(Hackett, 2005, p. 6). By inchoative usages he
understands occurrence of transitive verbs in passive
constructions, for example spro ‘to elaborate upon,’
but spro ba ‘elaborated (topic).’
An original semantic classification is provided
by B. Zeisler in “Relative Tense and Aspectual
Values in Tibetan Languages”. She divides all
Tibetan verbs into two groups: control action verbs
(which she also links to the concept of the Tibetan
traditional grammar rang-dbang-can gyi bya-tshig
‘self-powered action words’) and accidental event
verbs (or gzhan-dbang-can gyi bya-tshig ‘other
powered action words’) (Zeisler, 2004, p.250). She
further classifies these categories into subgroups
judging by dynamism, durativity and telicity of the
verbs.
In his classification, N. W. Hill defies the notion
of transitivity for Tibetan verbs altogether, as by his
reasoning, “accusative case has no meaning in
Tibetan”, the category of transitivity itself is not
sufficiently separated from valence, rection and
volition (Hill, 2010, p. xxii). Thus volition, or
control of the action by the agent, becomes one of
the major verbal categories for his system of
classification. Volition of the verb is deducted
judging by its lack or presence of imperative stem.
For the current study we mainly focus on the
category of transitivity, a complex graded
phenomenon that has grammatical manifestation in
Tibetan language in the form of verb valencies.
Volition showed no significant data for the current
research, other than the difference in the number of
verb stems, but it may become an interesting point
for later analysis.
Although the current research was influenced by
some of the mentioned ideas, we couldn’t use any of
the original classifications because of their
limitations in the number of described verbs,
structural inconsistencies. Most importantly, the
main purpose of the present study has been to create
a practice-oriented model that is based on corpus
data and works as part of the Tibetan natural
language processing (NLP).
We consider semantic analysis to be an essential
part of Tibetan NLP due to the ambiguity of both the
segmentation of Tibetan texts into morphemes (since
there are no word delimiters between word forms in
Tibetan writing) and the syntactic parsing. To
resolve the problem of morphosyntactic ambiguity a
computer-based linguistic ontology was developed.

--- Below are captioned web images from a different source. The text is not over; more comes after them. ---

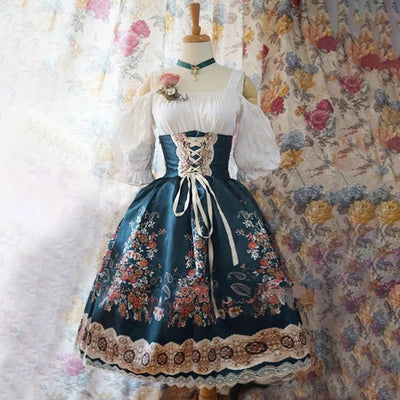 Betoverende Oktoberfest Dirndl Jurk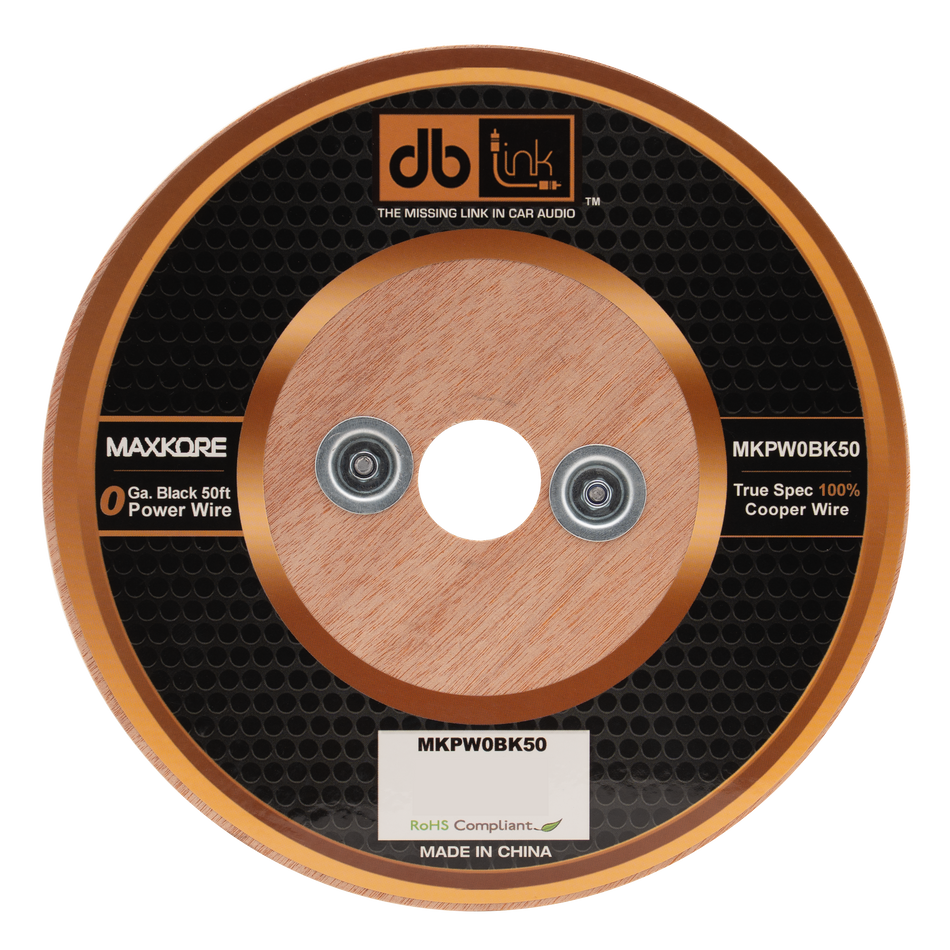 MKPW0BK50 : 0 Gauge Black 50 ft. Maxkore Soft Touch Power Wire Roll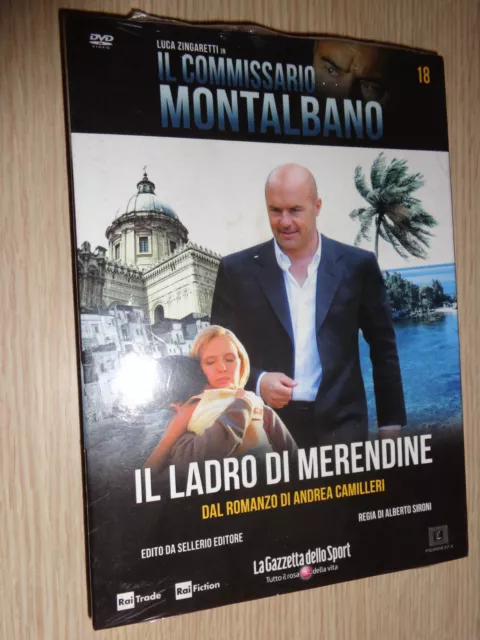 Dvd N° 18 Il Commissario Montalbano  Zingaretti Camilleri Il Ladro Di Merendine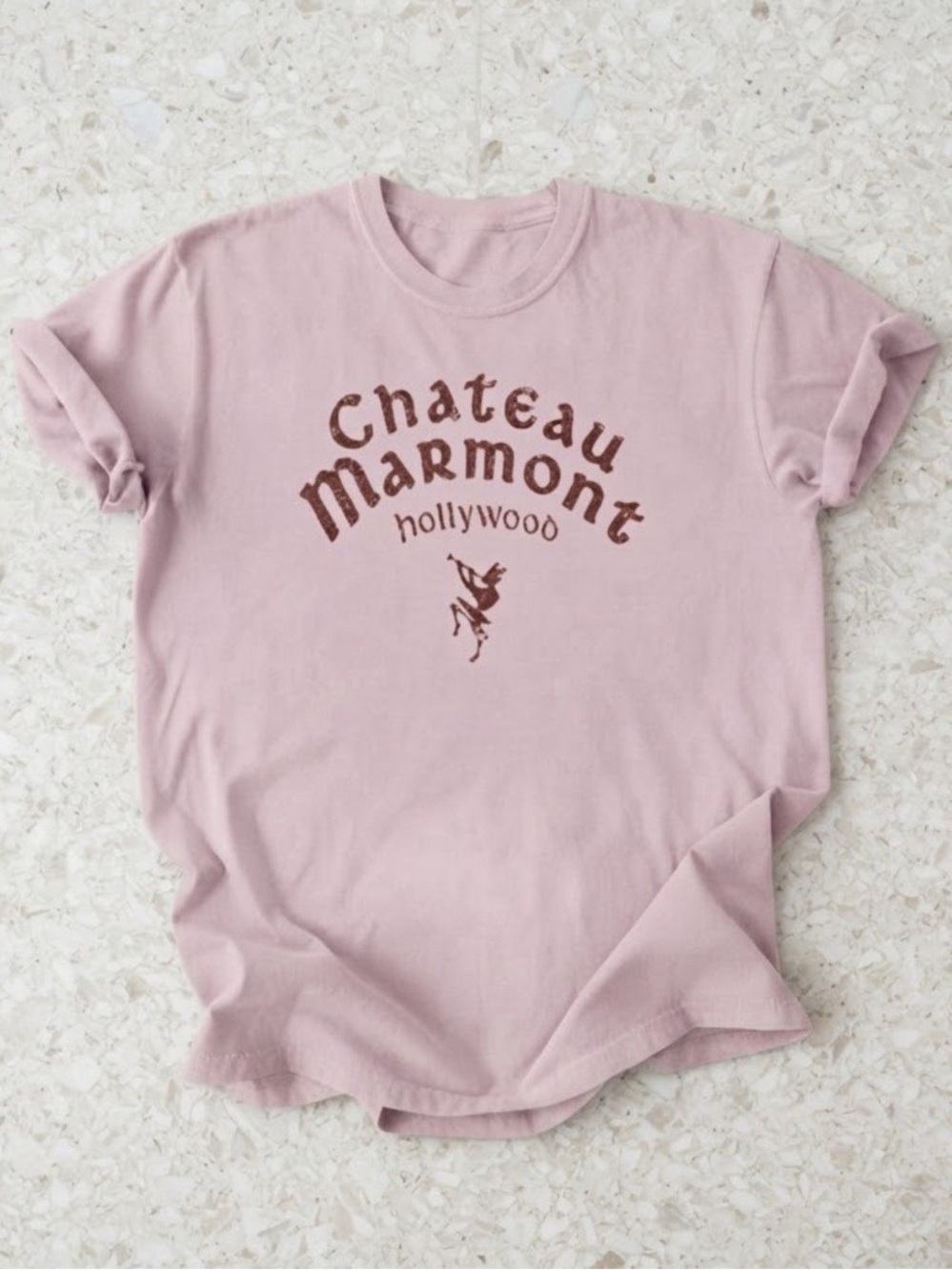 Chateau Marmont Hollywood Graphic Cotton Gildan T-Shirt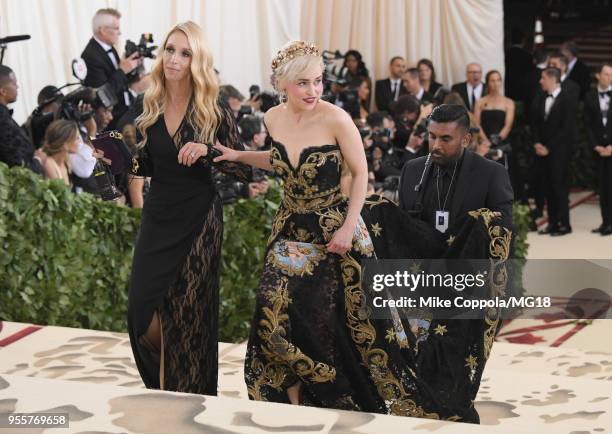 Emilia Clarke attends the Heavenly Bodies: Fashion & The Catholic Imagination Costume Institute Gala at The Metropolitan Museum of Art on May 7, 2018...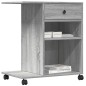 vidaXL Druckerständer mit Rollen Grau Sonoma 60x40x68,5 cm vidaXL Druckerständer mit Rollen Grau Sonoma 60x40x68,5 cm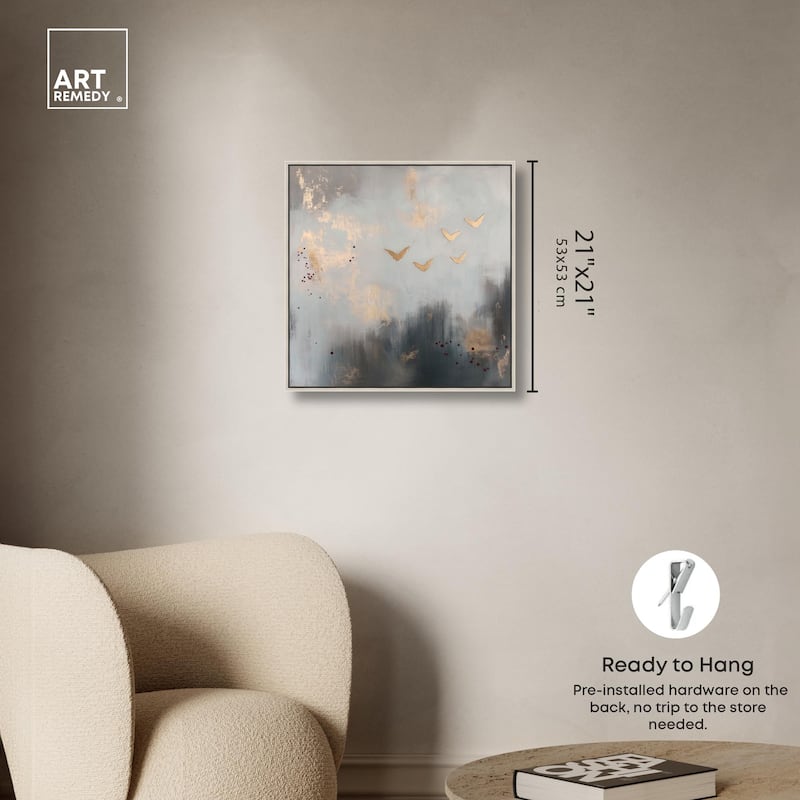 Golden Nebula Canvas by Art Remedy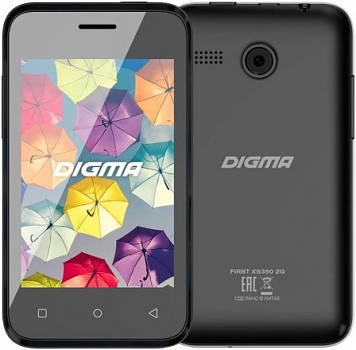 Смартфон Digma FIRST XS350 2G Black 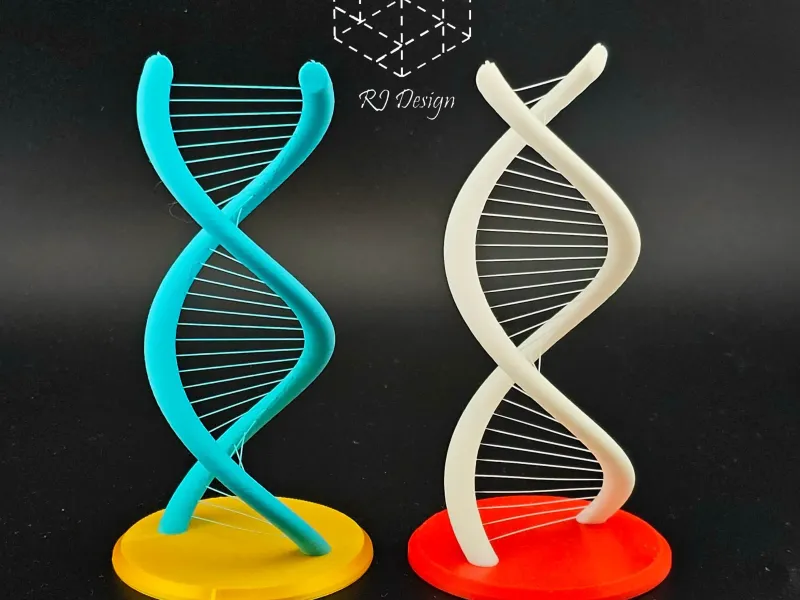 Double hélice à filament suspendu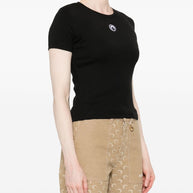 MARINE SERRE Moon Cotton T-shirt Black
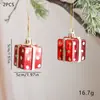 Nuevos Productos Transfronterizos: Bastones de Caramelo Navideños, Caramelo Decorativo Pintado Galvanizado, Adornos para Árbol de Navidad
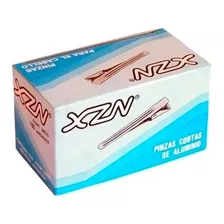 Xzn Caja Picos Pinzas Cortas De Aluminio Peluqueria X 100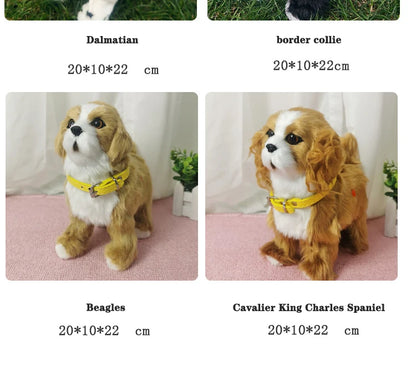 Interactive Walking Plush Dog Toy for Kids (Ages 1+)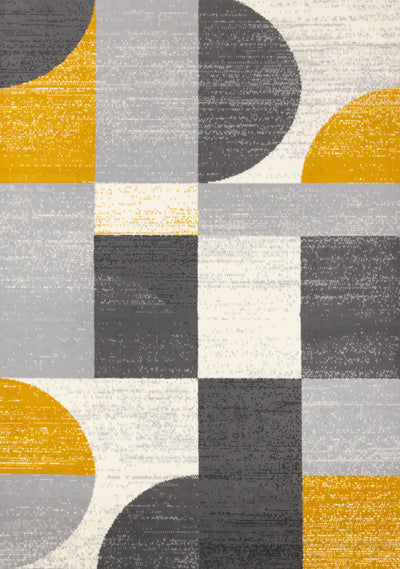 Florence Geometric Shapes Area Rug - 4'7" x 6'7"|Carpette Florence à motifs géométriques - 4 pi 7 po x 6 pi 7 po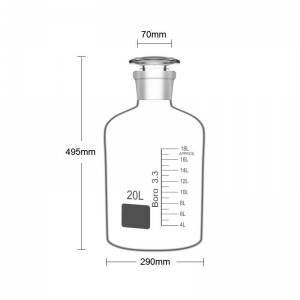 玻璃小口瓶 20000ml 20L 高硼硅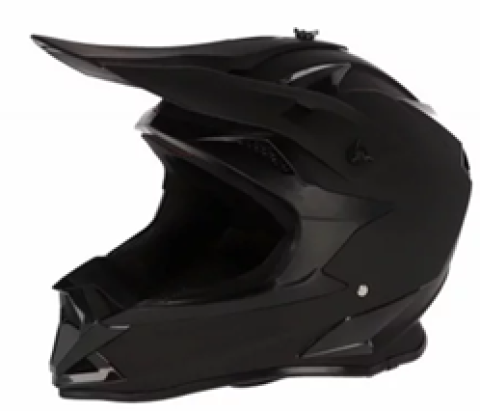 Pachet Casca Full Face MTB SILVIS NEGRU MATT marimea 57-58cm si Ochelari Negri Transparenti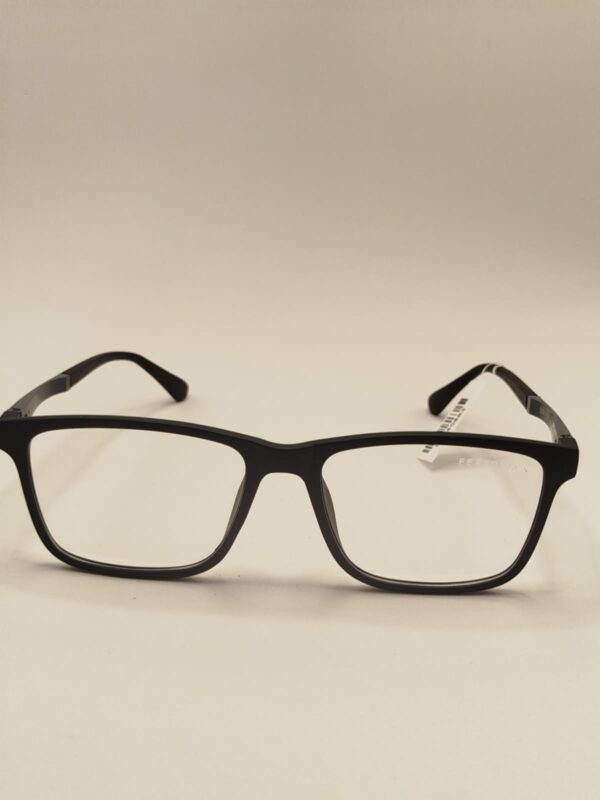 Armação Acetato Quadrado Azul fosco com detalhe Ferro na Arte. Rf. 5204 436459A 5317 139 C2
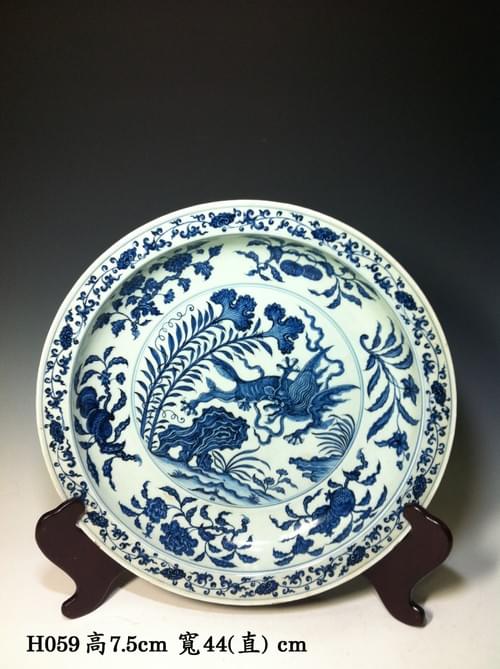 明清 ▎青花大盤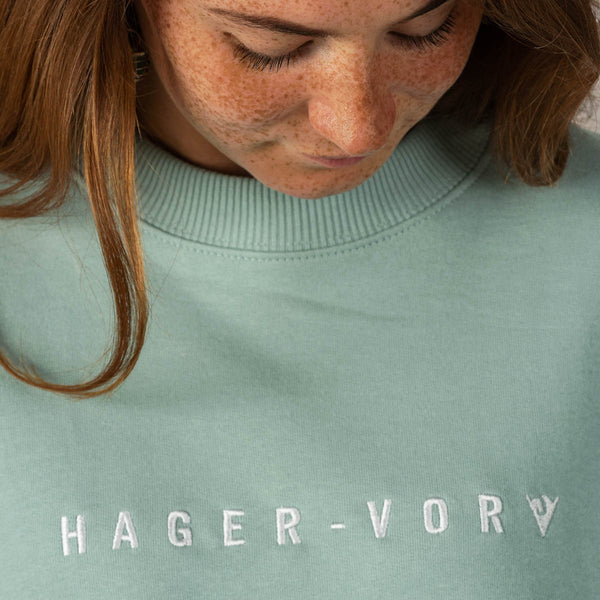 Embroidered Dropped Shoulder Sweatshirt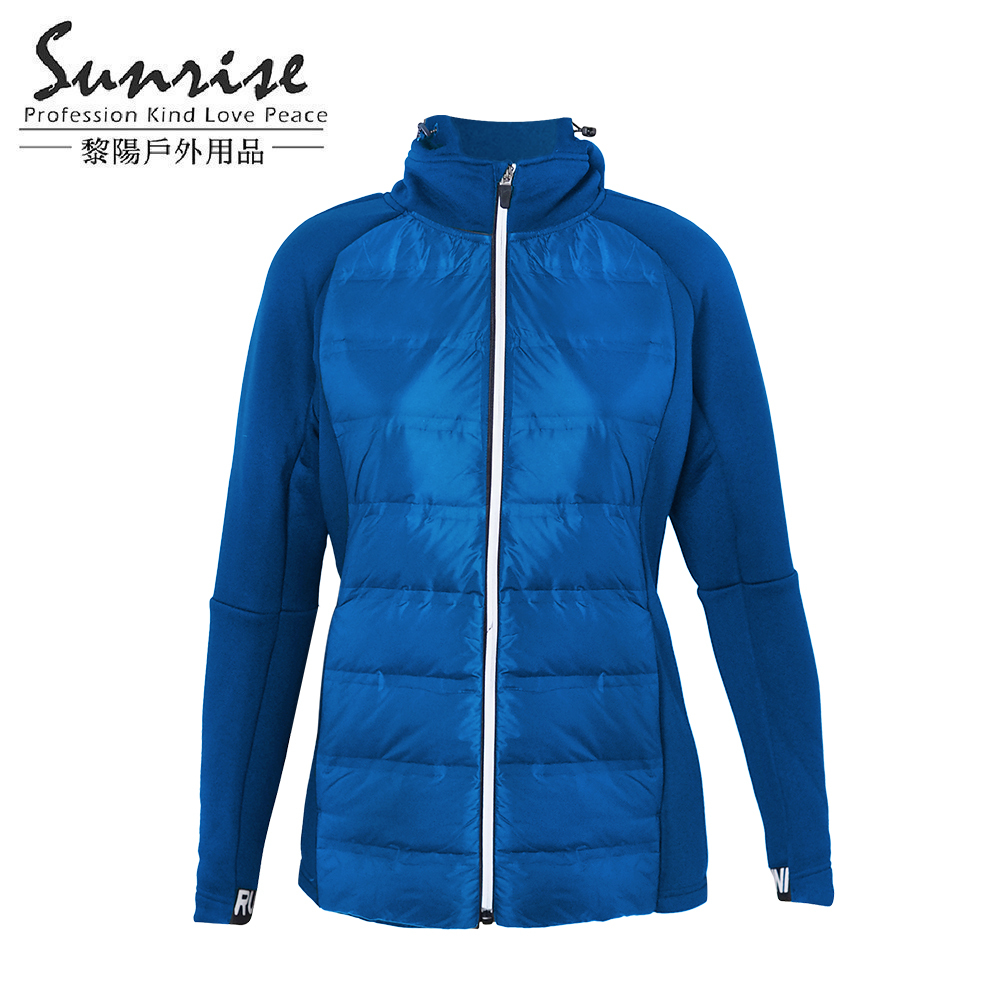 羽絨拼接軟殼外套 女款 (3色) 白鴨羽絨/保暖/柔軟/輕量/高海拔登山 02CFA75014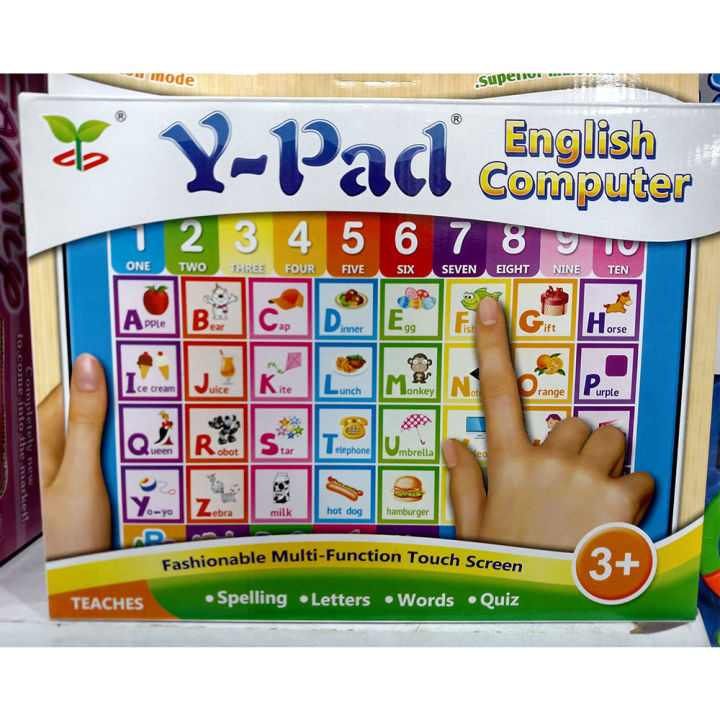 Urban Vendors Y-Pad - English And Math Learning Touch Screen Pad For Kids Learning English Machine Tablet Early Educational Toy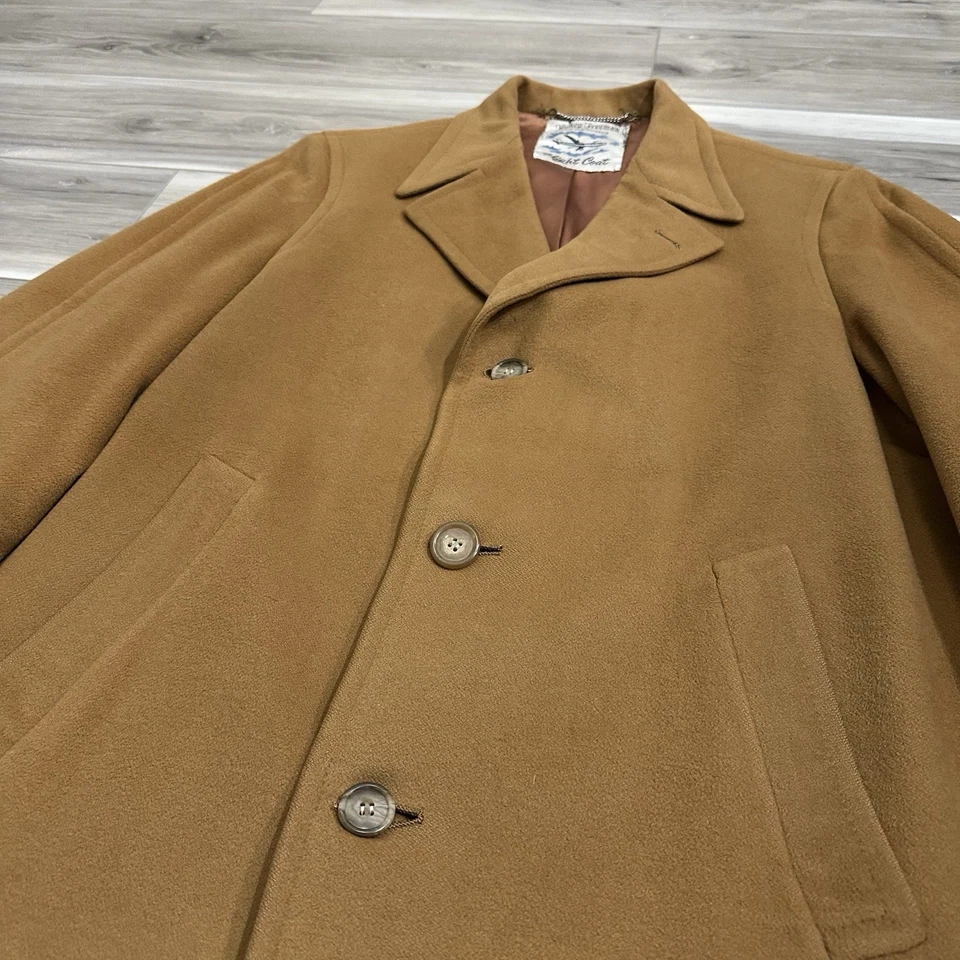 Abrigo de Vuelo Hickey Freeman Años 70 De Colección Cabello de Camello Hecho en Unión Abrigo Exterior Preppy Foto 2 de 4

In our project, the term “linguistic ontology” is
understood as a consistent classification of concepts
and relations between them that unite the meanings
of Tibetan linguistic units, including morphemes and
idiomatic morphemic complexes (Dobrov et al.,
2018-1, p. 340).
In the first generations of natural language
understanding systems (NLU systems), ontologies
were used as semantic dictionaries. In the early
1990s, several scholars already used the term
“ontology” in the most general sense, which allowed
linguistic thesauri to be considered as types of
ontologies. The WordNet computer thesaurus has
come to be called an “ontology,” and this trend has
only been growing in the majority of modern works.
Thesauri, including the WordNet, reflect more or
less specified semantic relations between lexical
units (words): synonymy, hyponymy, hypernymy,
antonymy, meronymy, holonymy, logical
entailment, the relation of an adjective to a noun,
etc. (for more information see (Miller, 1995;
Fellbaum, 1998). These relations can be used to
perform lexical disambiguation. Unfortunately, these
relations alone are not enough to solve the problem
of lexical or morphosyntactic ambiguity, especially
in Tibetan, since they do not reflect semantic
valencies (Dobrov, 2014, 114).
The Framenet database initiated by Charles J.
Fillmore covers most of English verbal vocabulary
(“FramNet,” 2020). The verb lexicon VerbNet
(“VerbNet,” 2020) also contains syntactic
descriptions and semantic restrictions for English
verbs. Both of them, however, cannot be considered
linguistic ontologies. Moreover, these resources do
not model the meanings of nouns in relation to
semantic classes created to describe verbal
valencies. The format for presenting information in
both resources is not universal and cannot be used to
model the meanings of lexical units related to other
parts of speech.
PropBank (“PropBank,” 2020) is another verb-
oriented resource that also remains close to the
syntactic level. Despite the fact that it contains
manually made semantic role annotation, it cannot
be used directly to perform semantic analysis.
There are few other resources in the world,
mainly for English and a few of other widely used
languages, that could be classified as linguistic
ontologies, the use of which for semantic
interpretation of syntactic structures is not
impossible, such as SUMO (Dobrov, 2014, p. 149)
and OpenCyc (Matuszek et al., 2006). Both
ontologies are universal and provide profound
classifications of concepts behind lexical meanings,
however, neither one, nor the other is in any way
oriented to verbs, or, moreover, in any way pretend
that it contains all the information about verb
valencies necessary for resolving ambiguity.